NielsRogge / Transformers-Tutorials

This repository contains demos I made with the Transformers library by HuggingFace.
MIT License
8.45k stars 1.32k forks source link

Can `VisionEncoderDecoderModel.generate()` work with batched data? #355

Open plamb-viso opened 8 months ago

plamb-viso commented 8 months ago

Sorry if this is the wrong place to post this.

I'm currently trying to finetune Donut using your excellent fine-tuning guide as a starting point. As a test, I am calling VisionEncoderDecoderModel.generate() like so:

outputs = model_generator.generate(
                batch['pixel_values'],
                decoder_input_ids=decoder_input_ids,
                max_length=model_generator.decoder.config.max_position_embeddings,
                early_stopping=True,
                pad_token_id=processor.tokenizer.pad_token_id,
                eos_token_id=processor.tokenizer.eos_token_id,
                use_cache=False,
                num_beams=1,
                bad_words_ids=[[processor.tokenizer.unk_token_id]],
                return_dict_in_generate=True,
            )

batch['pixel_values'] has a shape like so: pixel_values_shape=torch.Size([2, 3, 500, 647])

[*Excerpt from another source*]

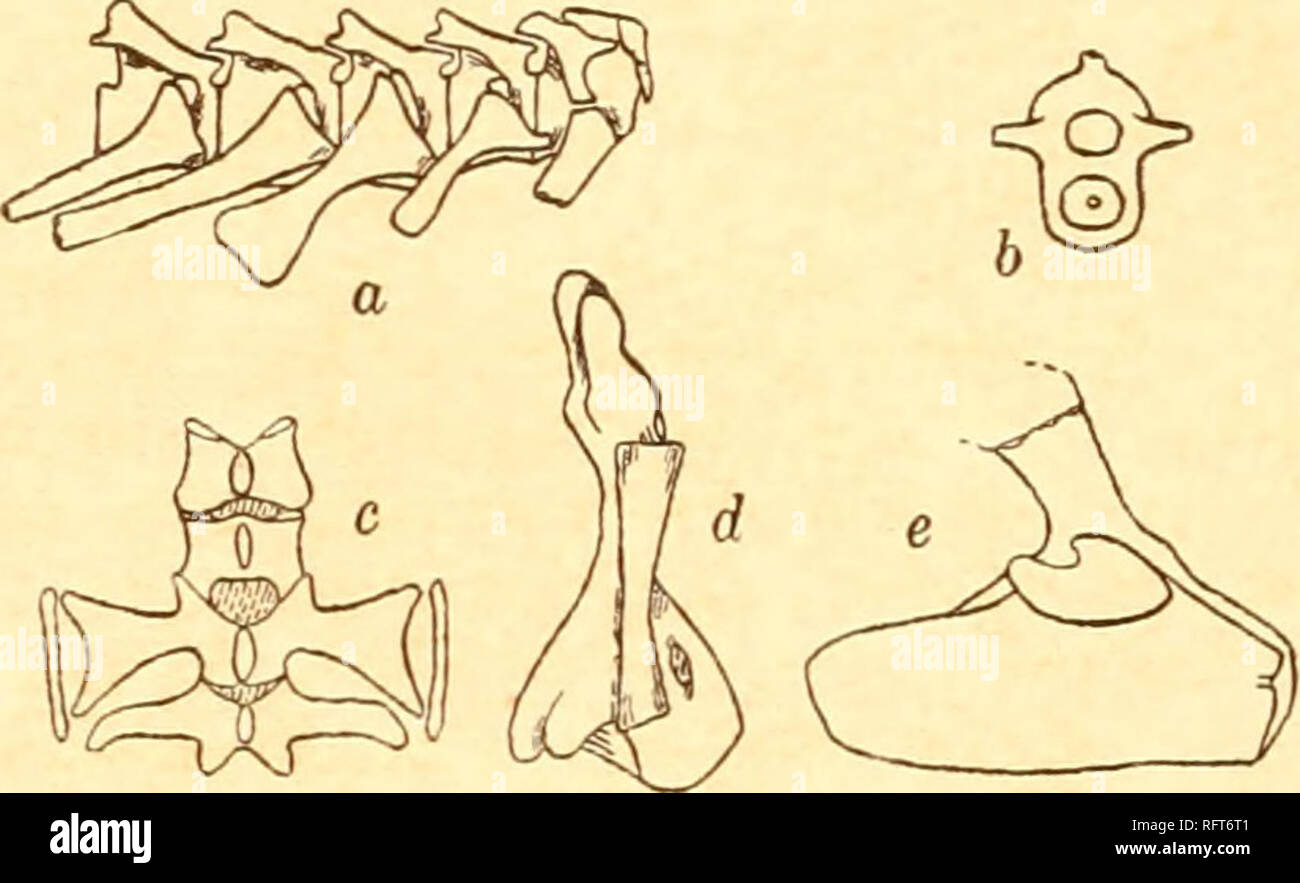 . Der Carnegie Institution in Washington Publikation. . Abb. 42.- Unterkiefer des Kann gustier ps-X w. Nr. 4456 Bin. Mus. d, dentary; sp, splenial; Sa, surangular; ein, Gelenkentzündungen Abb. 4}.- Captorhinus. xi - Nr. 4424 Bin. Mus.a, Halswirbel?; b, Querschnitt einer Brustwirbel. r, beckenwirbel?; d, Humerus und Radius; t, linke Seite des Beckens. Hals-, Brust- und Lendenwirbelsäule. Alle Wirbel haben niedrige, abgerundete neuronale Bögen, mit breiten zygapophyses. Die Anteroposteriore und quer Durchmesser der neuronalen Bögen sind fast gleich. Die Querfortsätze der anterioren Verte - Bh; h stammen Stockfoto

That is, two page images are passed to .generate(). As such, I was expecting outputs.sequences to have the starting dimension two but it is always one: outputs=torch.Size([1, 5]) output=tensor([57552, 57550, 57526, 57551, 2], device='cuda:3')

I realize I can iterate the batch and generate each sequence independently, but I'd be amazed if .generate() can't handle batch data like this. Is there something I'm missing?

NielsRogge commented 8 months ago

Hi,

Yes theoretically the VisionEncoderDecoderModel class should support batched generation. Could you open an issue regarding this on the Transformers (if there is no such issue yet)?

janakiram180 commented 2 months ago

def ocr_image(src_img): image_list = [] for image_path in batch_image: image = Image.open(image_path) image_list.append(image) pixel_values = processor(images=image_list, return_tensors="pt") generated_ids = model.generate(**pixel_values) print(processor.batch_decode(generated_ids, skip_special_tokens=True))

this code will work for image path